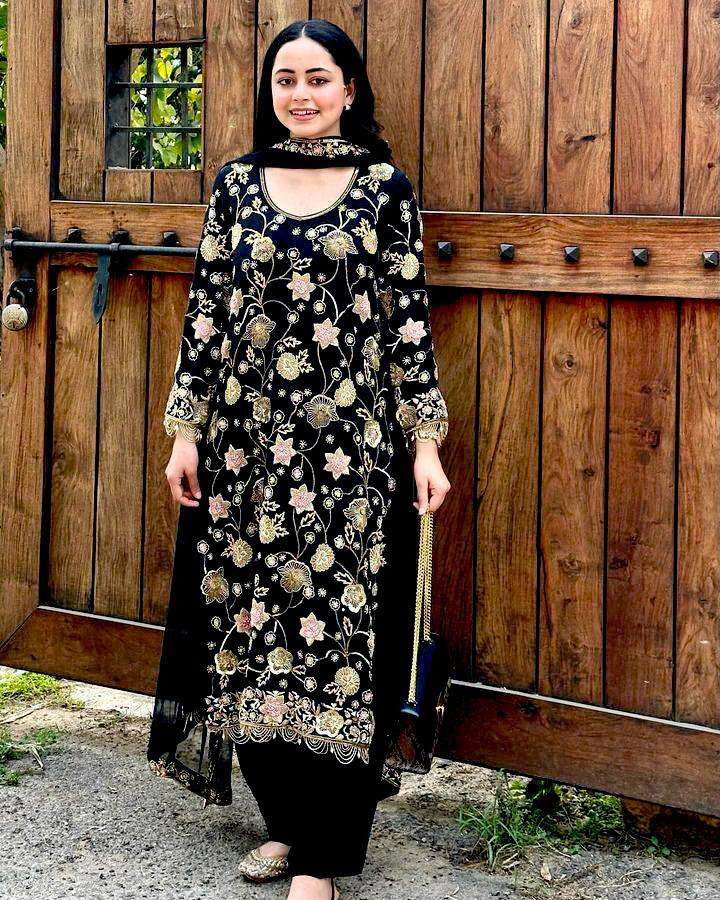 LC 1233 KURTI SET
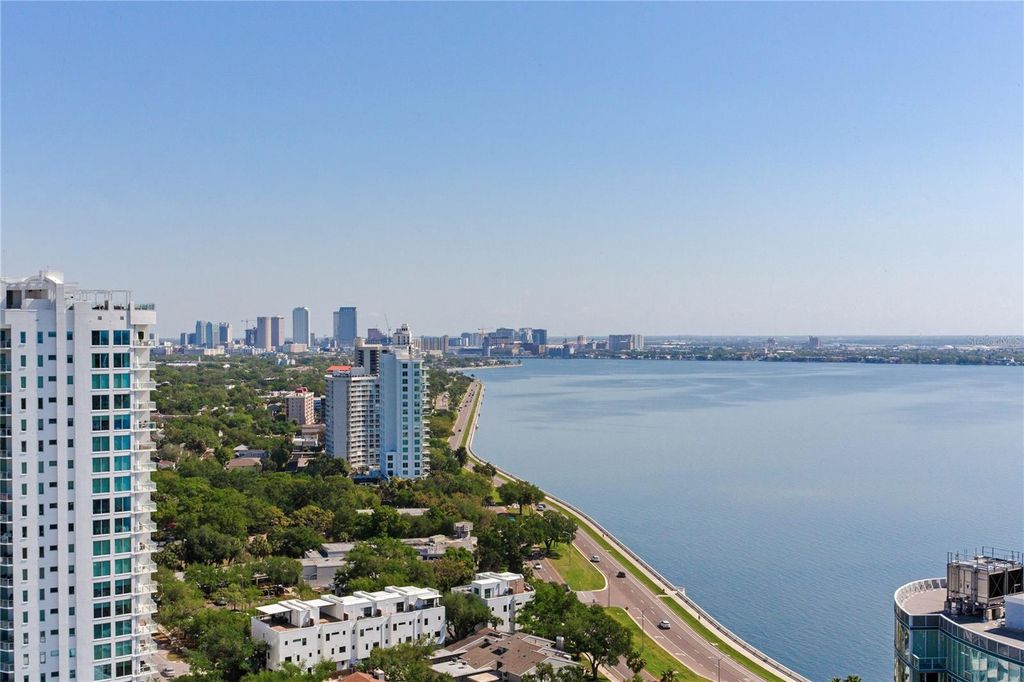 Image 32 of property listing at 3015 S YSABELLA AVENUE 2401, Tampa, FL 33629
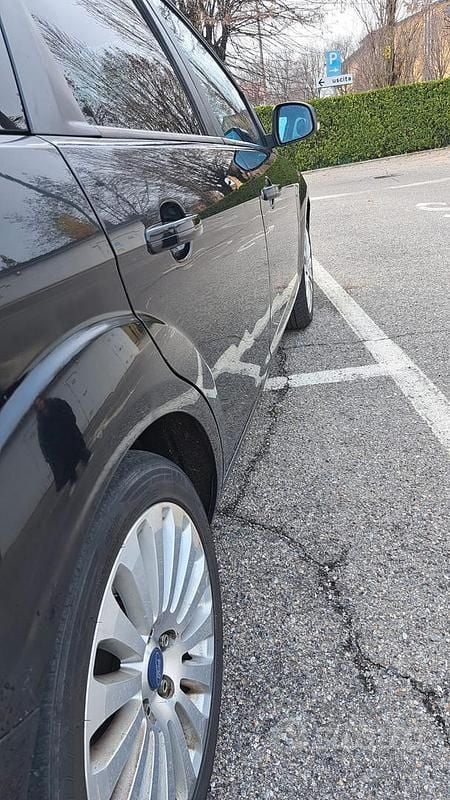 Usata Ford Focus Style 145 CV (106 kW) 2009 Nero Station wagon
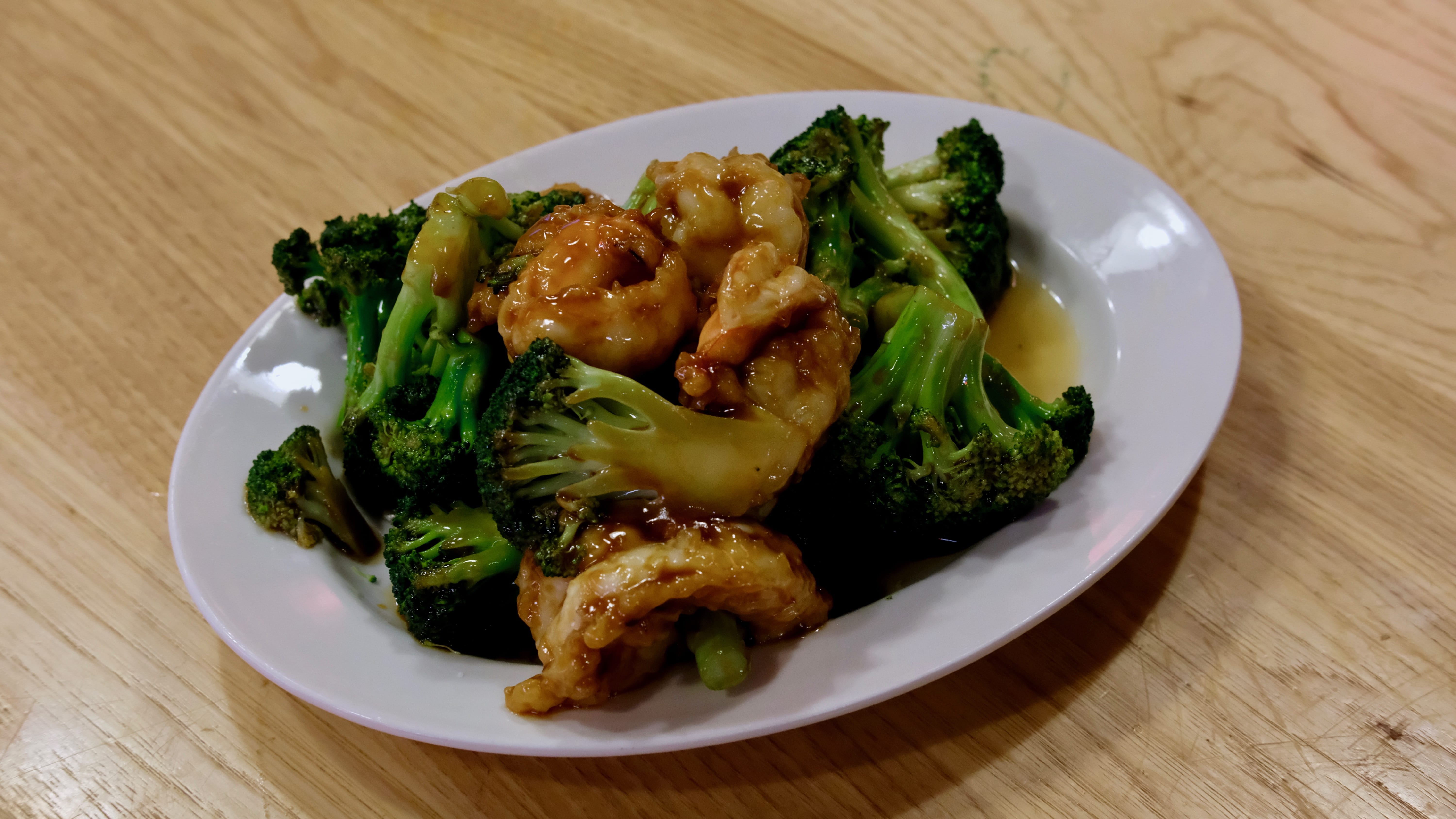 Order SF14. Dinner Jumbo Shrimp with Broccoli food online from Ollie's Noodle Shop & Grille store, New York on bringmethat.com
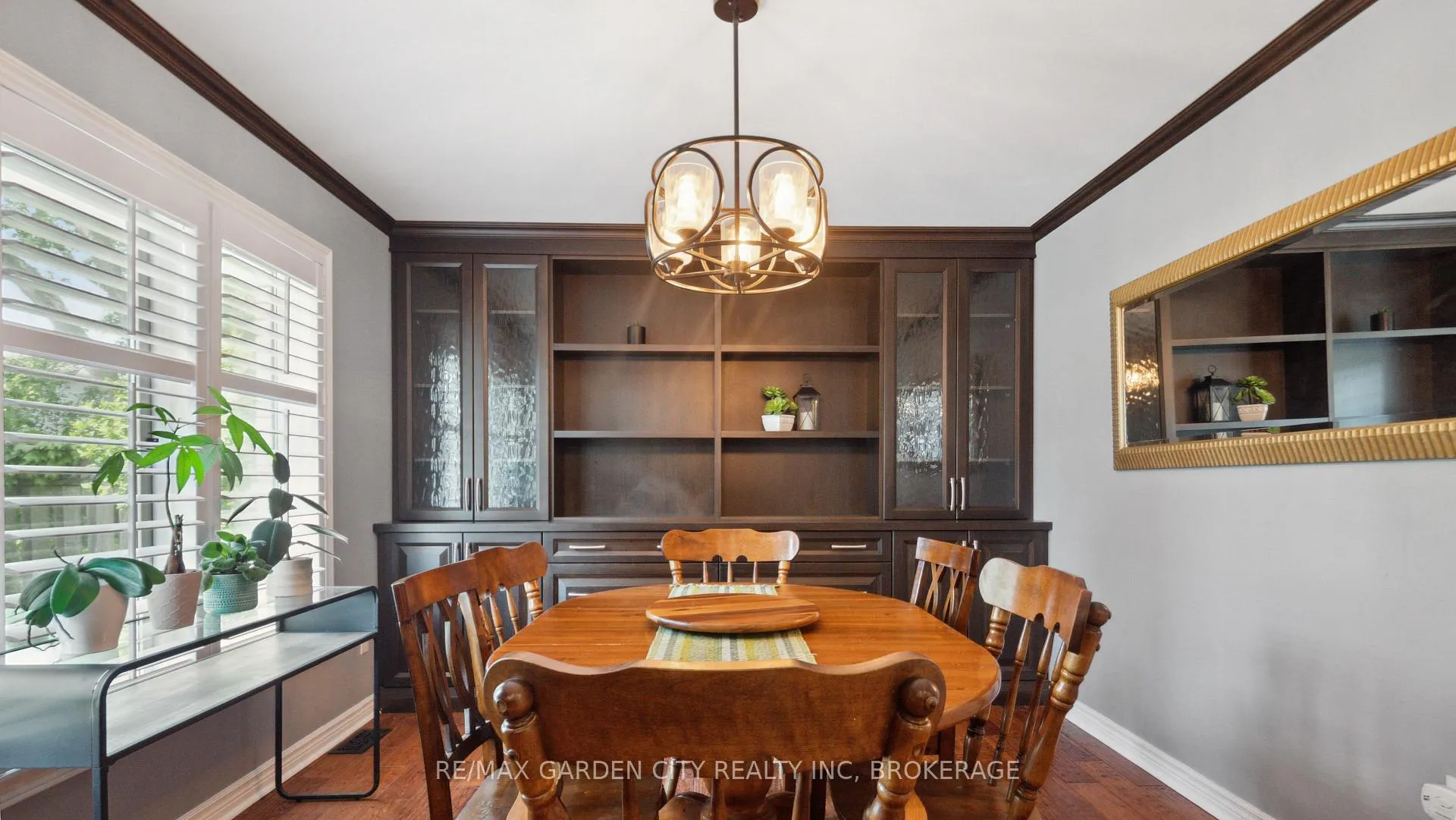 Photo 8 of 6276 Moretta Drive, Niagara Falls, Stamford — HOMEH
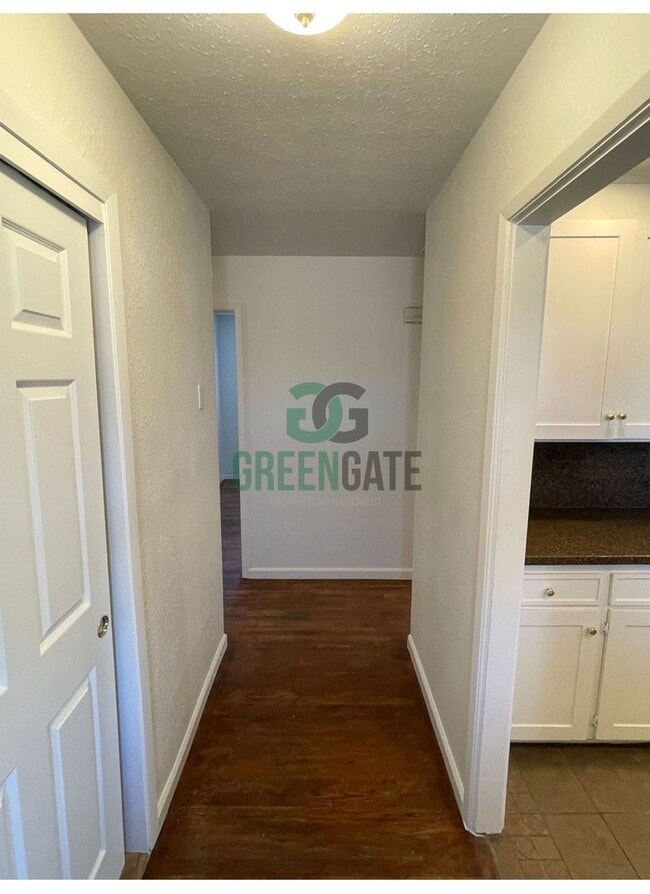 Building Photo - BEAUTIFUL 3 BEDROOM 2 BATH HOME MOVE IN RE...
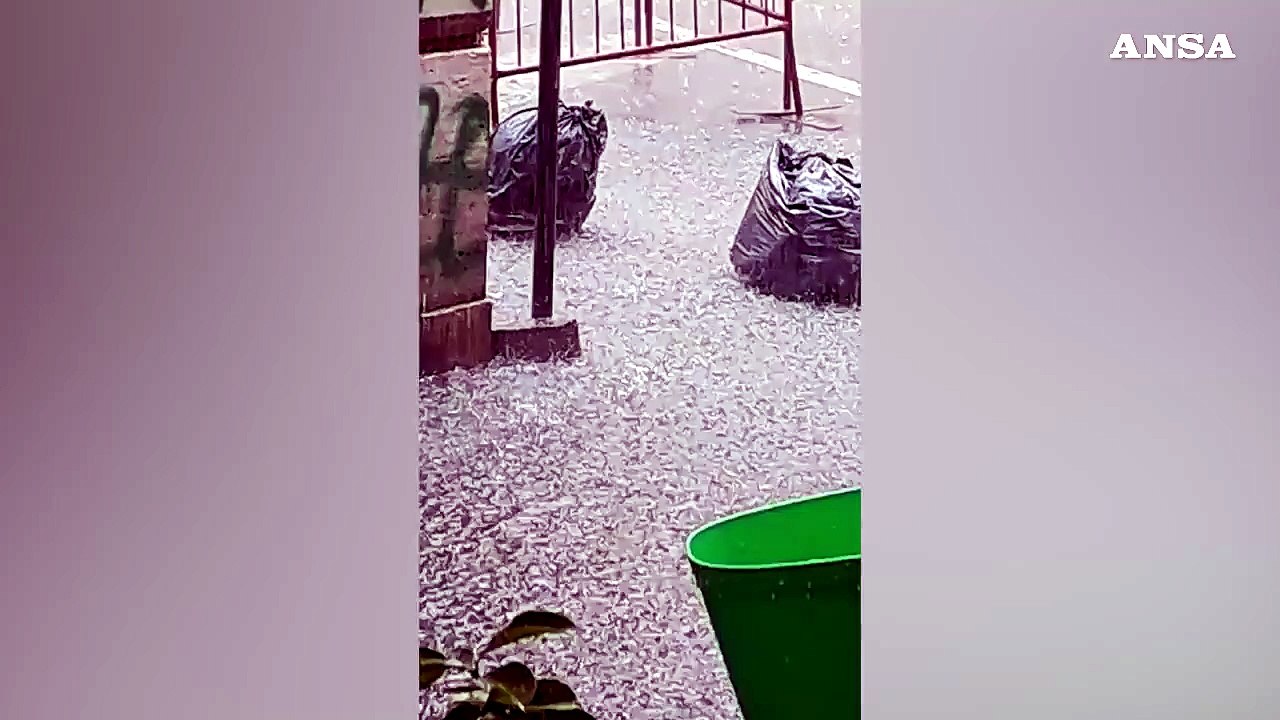 Bomba d'acqua a Roma, strade allagate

▸ **WHAT YOU WILL DO**
Reproduce the data word for word without its images.

▸ **RESULT FOR THIS TASK**
 LC 1233 KURTI SET
 Image 32 of property listing at 3015 S YSABELLA AVENUE 2401, Tampa, FL 33629
 Usata Ford Focus Style 145 CV (106 kW) 2009 Nero Station wagon
 Order SF14. Dinner Jumbo Shrimp with Broccoli food online from Ollie's Noodle Shop & Grille store, New York on bringmethat.com
 Photo 8 of 6276 Moretta Drive, Niagara Falls, Stamford — HOMEH
 Building Photo - BEAUTIFUL 3 BEDROOM 2 BATH HOME MOVE IN RE...
 Bomba d'acqua a Roma, strade allagate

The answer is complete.